Rivalry in Africa between Washington and Beijing has taken a new turn as Russia makes a move on the continent’s busiest sea lane.

News agencies in Somaliland report that Moscow has “been in talks at some depth” with this unrecognised country that broke away from Somalia in 1991.

Stable, democratic and at peace for most of its 27 years, the former territory of British Somaliland has tried in vain to gain support from the United States.

Like Rhodesia in 1965, Somaliland took its independence unilaterally, and has yet to establish diplomatic relations at embassy level with a single nation.

But sources in the capital, Hargeisa, say Vladimir Putin may establish a naval base along its coastline at the entrance to the Red Sea and Suez, challenging President Trump’s effort to maintain US dominance in the Middle East.

Since the breakup of the Soviet Union, Russia has struggled to regain the hold it had on Africa in the days when it supported movements like Frelimo in Mozambique and the ZAPU guerilla force led by the late Joshua Nkomo during Zimbabwe’s war of the 1970s.

The news comes as US relations with neighbouring Djibouti slipped further at the weekend with release in Washington of a letter from the senate to both Donald Trump and defense secretary, James Mattis, warning that President Ismaïl Guelleh of Djibouti had “irreversibly fallen under control of China”.

The document, a copy of which has been obtained by The Zimbabwean, is the latest in a flow of correspondence from Congress and the Senate to organs of state and The White House, all of the view that US interests in the region are at risk.

Republican senator Jim Inhofe who co-authored the letter, serves on the Armed Forces Committee and is among the closest supporters of Mr Trump. In his home state of Oklahoma, the electorate has returned him with double and in one case triple the votes of his nearest rival.

The other signatory is Martin Heinrich from New Mexico, a Democrat once touted as a running mate for Hillary Clinton, who stands on the opposite side of politics. With both men now pushing for a review of America’s military base at Camp Lemonier in Djibouti – the Pentagon’s only permanent site in Africa – the question of what to do about Somaliland has resurfaced.

Inhofe and Heinrich accuse China of “pillaging” African nations and making unsustainable loans to Djibouti, “drowning president Guelleh and leaving him with no option but to transfer national assets and sovereignty as repayment”.

The “national assets” referred to include a container port recently seized by Guelleh who ousted Dubai firm DP World from its long-term contract, alleging mismanagement. DP World denies this and plans to sue. The company is building a new terminal in Somaliland.

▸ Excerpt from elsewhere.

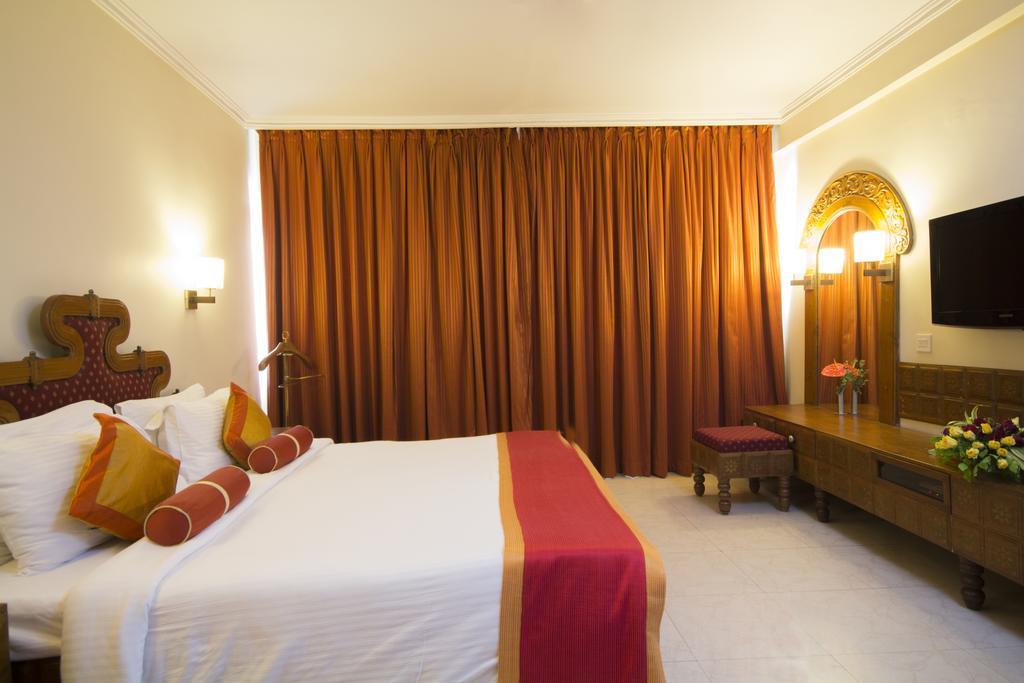 Dolphin Hotel Visakhapatnam Ngoại thất bức ảnh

Landlocked Ethiopia which relies on Djibouti as its main route to the sea, has agreed to use the port while also leasing a site at Lamu on the Kenya coast for use as an export hub.

Beijing recently opened a military camp in Djibouti with space for 10 000 personnel, more than the nearby US, French and Russian bases combined.

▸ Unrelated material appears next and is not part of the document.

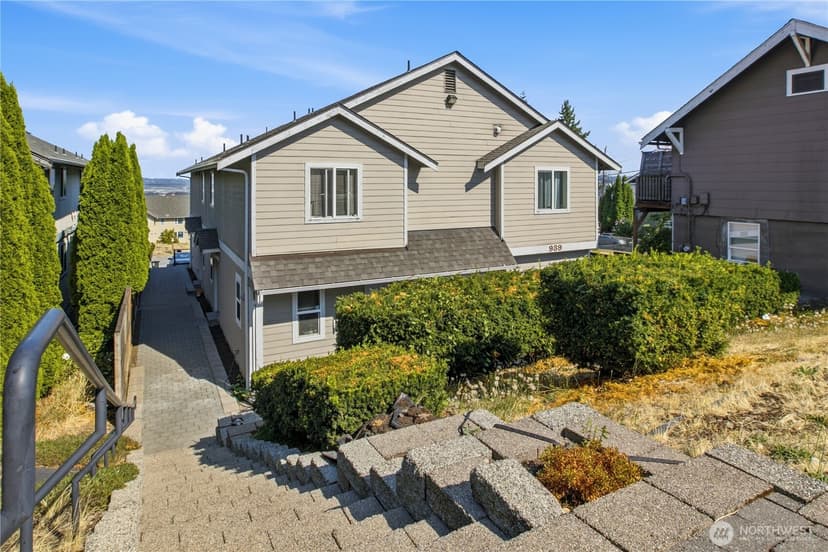Property photo for 1939 I Street #B, Tacoma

But Somaliland has better options for Washington, being English speaking — where Djibouti is a former French colony — and without the dubious human rights record of President Guelleh, now in his fourth run as head-of-state after changing the two-term constitution.

Even without recognition, a Russian base along one the world’s most strategic waterways would raise Hargeisa’s profile and possibly force Washington’s hand to prevent another win by Mr Putin who this month showed off new hypersonic missiles, faster and with better reach, than anything held by the US or China.

For his part, President Guelleh insists he remains allied to the United States and, to his credit, has been ruthless in his fight against Islamic terror.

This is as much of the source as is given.